(Beginning of Data in this exercise)

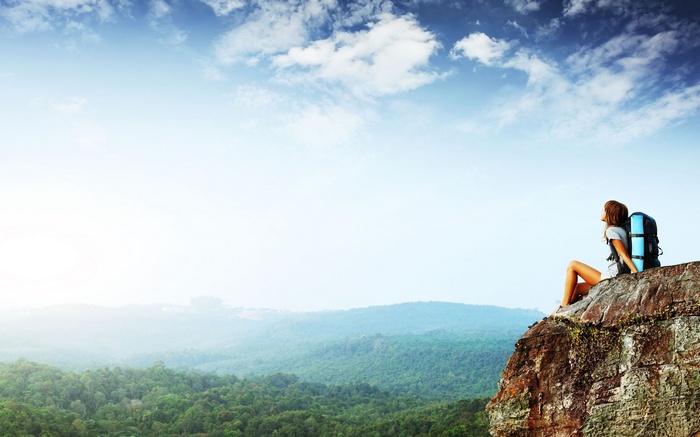 Woman with backpack sitting on a cliff overlooking a forest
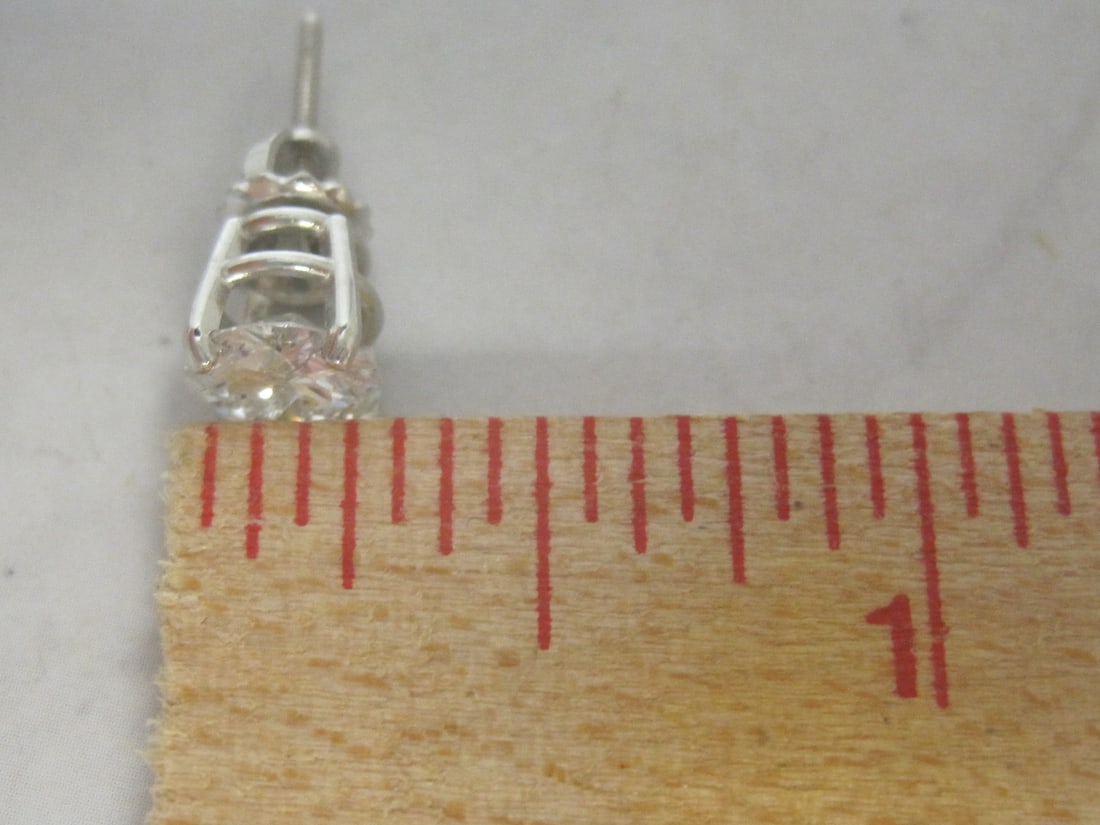 Platinum 2.40 CT TW. Diamond Solitaire Earrings appraised at $6,275 - 5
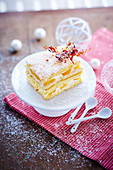 Slice of peaches in syrup and coconut cake,caramel decoration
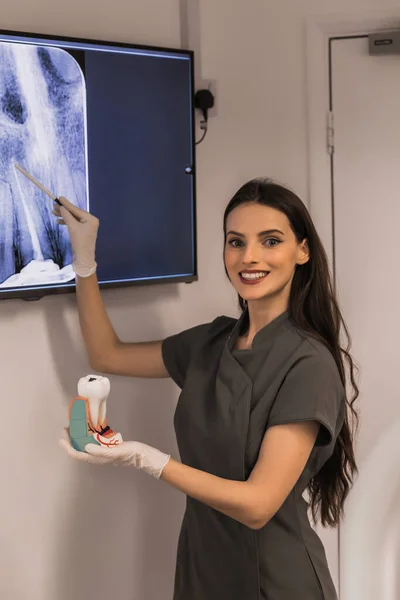 Doctor points to filled root canal in dental x-ray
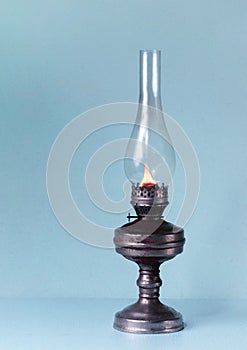 Old rusty kerosene lamp with a lit wick. Retro style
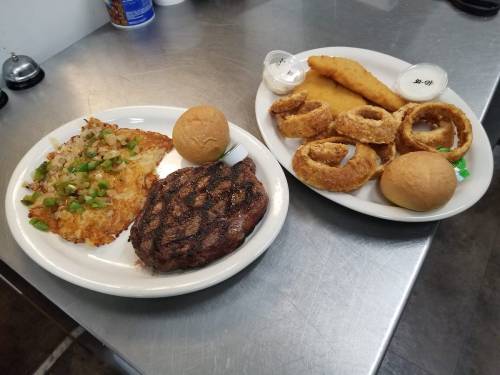 A plate of grilled steak with rice, green onions, rolls, and a side of onion rings and fish fillet.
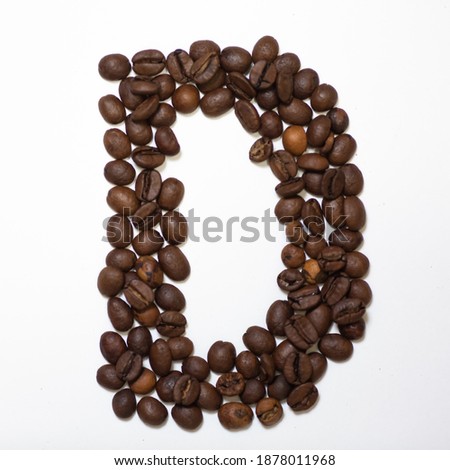Symbol D, the letter of an aphovite made of coffee. Coffee background, letter D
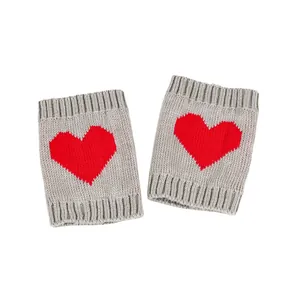 Detailweergave van grijze gebreide beenwarmers met een rood hart jacquard patroon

(End of Data in this exercise)

Exercise requirements -
Starting at the line that contains "Platinum 2.40 CT", return every line through the end of the records above exactly as written, and return no pictures.

Solved exercise -
 Platinum 2.40 CT TW. Diamond Solitaire Earrings appraised at $6,275 - 5
 Slice of peaches in syrup and coconut cake,caramel decoration
 Doctor points to filled root canal in dental x-ray
 Old rusty kerosene lamp with a lit wick. Retro style
 A plate of grilled steak with rice, green onions, rolls, and a side of onion rings and fish fillet.
Symbol D, the letter of an aphovite made of coffee. Coffee background, letter D
 Detailweergave van grijze gebreide beenwarmers met een rood hart jacquard patroon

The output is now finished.